Given information:
=====
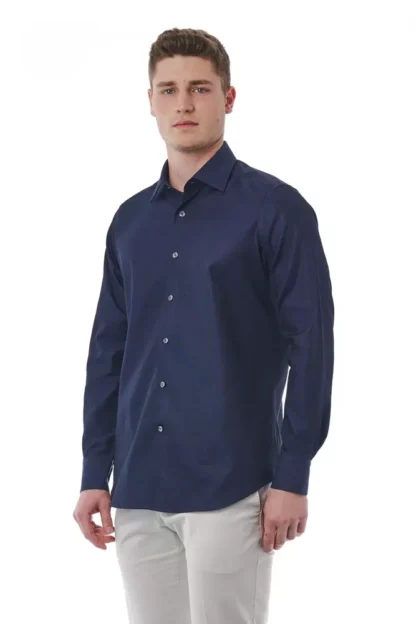 Bagutta - Blue Cotton Men Shirt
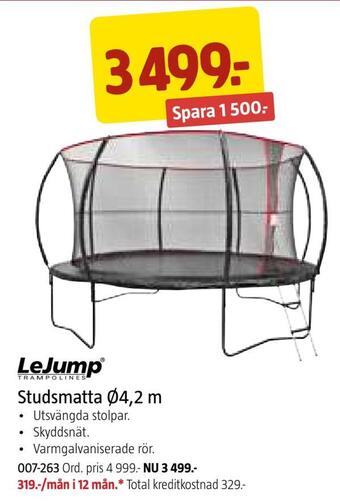Jula Studsmatta ø4,2 m erbjuda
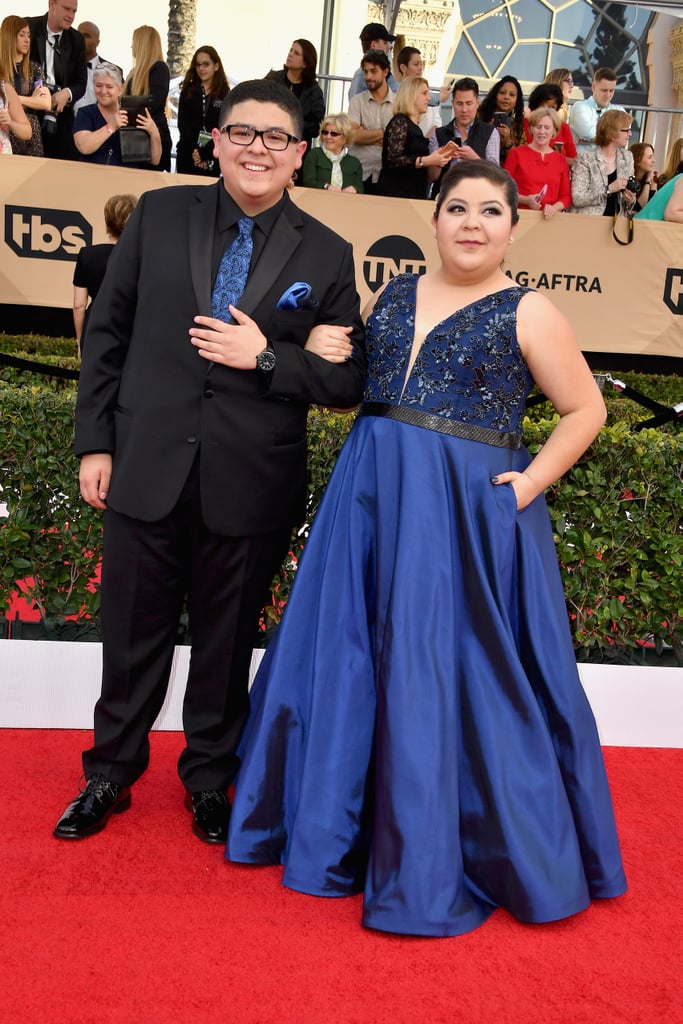 Rico Rodriguez and His Sister at the 2017 SAG Awards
=====
Required action: Everything in the data above should be set down again exactly, except the pictures.

Answer for the task:
 Bagutta - Blue Cotton Men Shirt
Jula Studsmatta ø4,2 m erbjuda
 Rico Rodriguez and His Sister at the 2017 SAG Awards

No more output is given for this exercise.